START EXERCISE MATERIAL

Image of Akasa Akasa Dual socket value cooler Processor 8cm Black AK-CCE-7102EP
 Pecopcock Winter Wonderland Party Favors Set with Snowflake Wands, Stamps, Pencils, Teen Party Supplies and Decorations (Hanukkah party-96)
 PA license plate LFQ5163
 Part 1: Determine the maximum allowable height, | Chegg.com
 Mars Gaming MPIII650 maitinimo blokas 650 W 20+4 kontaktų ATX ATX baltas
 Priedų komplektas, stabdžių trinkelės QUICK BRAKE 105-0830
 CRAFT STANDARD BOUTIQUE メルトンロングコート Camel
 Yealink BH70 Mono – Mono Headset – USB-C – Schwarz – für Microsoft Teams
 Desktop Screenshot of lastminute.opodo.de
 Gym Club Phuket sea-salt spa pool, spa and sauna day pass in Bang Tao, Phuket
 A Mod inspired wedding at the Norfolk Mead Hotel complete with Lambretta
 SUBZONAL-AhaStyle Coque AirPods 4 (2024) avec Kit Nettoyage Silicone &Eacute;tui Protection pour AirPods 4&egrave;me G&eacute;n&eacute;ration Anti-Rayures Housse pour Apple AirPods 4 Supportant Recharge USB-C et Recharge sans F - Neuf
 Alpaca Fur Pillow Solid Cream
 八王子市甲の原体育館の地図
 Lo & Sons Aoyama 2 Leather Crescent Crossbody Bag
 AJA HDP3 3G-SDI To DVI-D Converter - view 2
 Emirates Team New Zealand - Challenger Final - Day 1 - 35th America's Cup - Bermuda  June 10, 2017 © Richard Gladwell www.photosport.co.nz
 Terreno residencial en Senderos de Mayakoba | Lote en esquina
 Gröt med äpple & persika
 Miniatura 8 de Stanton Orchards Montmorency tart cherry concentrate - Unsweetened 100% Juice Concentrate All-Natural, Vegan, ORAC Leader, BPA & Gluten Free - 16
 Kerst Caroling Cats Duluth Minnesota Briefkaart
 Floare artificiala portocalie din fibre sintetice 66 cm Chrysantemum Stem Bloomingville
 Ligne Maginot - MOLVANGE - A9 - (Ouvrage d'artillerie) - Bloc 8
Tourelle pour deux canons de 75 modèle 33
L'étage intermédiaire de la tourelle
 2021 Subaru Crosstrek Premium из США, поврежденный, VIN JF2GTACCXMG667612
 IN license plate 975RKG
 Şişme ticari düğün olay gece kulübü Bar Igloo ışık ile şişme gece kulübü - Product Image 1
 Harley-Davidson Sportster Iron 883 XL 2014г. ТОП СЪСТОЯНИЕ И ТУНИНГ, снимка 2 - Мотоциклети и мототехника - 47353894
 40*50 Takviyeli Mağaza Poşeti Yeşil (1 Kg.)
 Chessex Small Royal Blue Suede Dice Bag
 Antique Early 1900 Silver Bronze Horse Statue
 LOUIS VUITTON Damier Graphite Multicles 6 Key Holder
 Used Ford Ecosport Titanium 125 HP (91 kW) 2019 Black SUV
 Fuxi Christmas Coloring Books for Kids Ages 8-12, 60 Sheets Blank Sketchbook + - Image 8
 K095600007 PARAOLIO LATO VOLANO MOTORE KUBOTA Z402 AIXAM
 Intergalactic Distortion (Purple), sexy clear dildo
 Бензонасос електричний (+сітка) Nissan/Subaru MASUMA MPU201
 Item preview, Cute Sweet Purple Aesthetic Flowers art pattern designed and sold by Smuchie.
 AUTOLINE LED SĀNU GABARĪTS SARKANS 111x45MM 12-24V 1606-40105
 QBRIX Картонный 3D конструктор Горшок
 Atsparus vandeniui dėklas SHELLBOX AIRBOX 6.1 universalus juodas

END EXERCISE MATERIAL

REQUIRED ACTION:
What you give back should be exactly the lines of the data above from the line with "SUBZONAL-AhaStyle Coque AirPods" through the line with "Şişme ticari düğün", both of those included, and nothing more.

RESULT OF THIS EXERCISE:
 SUBZONAL-AhaStyle Coque AirPods 4 (2024) avec Kit Nettoyage Silicone &Eacute;tui Protection pour AirPods 4&egrave;me G&eacute;n&eacute;ration Anti-Rayures Housse pour Apple AirPods 4 Supportant Recharge USB-C et Recharge sans F - Neuf
 Alpaca Fur Pillow Solid Cream
 八王子市甲の原体育館の地図
 Lo & Sons Aoyama 2 Leather Crescent Crossbody Bag
 AJA HDP3 3G-SDI To DVI-D Converter - view 2
 Emirates Team New Zealand - Challenger Final - Day 1 - 35th America's Cup - Bermuda  June 10, 2017 © Richard Gladwell www.photosport.co.nz
 Terreno residencial en Senderos de Mayakoba | Lote en esquina
 Gröt med äpple & persika
 Miniatura 8 de Stanton Orchards Montmorency tart cherry concentrate - Unsweetened 100% Juice Concentrate All-Natural, Vegan, ORAC Leader, BPA & Gluten Free - 16
 Kerst Caroling Cats Duluth Minnesota Briefkaart
 Floare artificiala portocalie din fibre sintetice 66 cm Chrysantemum Stem Bloomingville
 Ligne Maginot - MOLVANGE - A9 - (Ouvrage d'artillerie) - Bloc 8
Tourelle pour deux canons de 75 modèle 33
L'étage intermédiaire de la tourelle
 2021 Subaru Crosstrek Premium из США, поврежденный, VIN JF2GTACCXMG667612
 IN license plate 975RKG
 Şişme ticari düğün olay gece kulübü Bar Igloo ışık ile şişme gece kulübü - Product Image 1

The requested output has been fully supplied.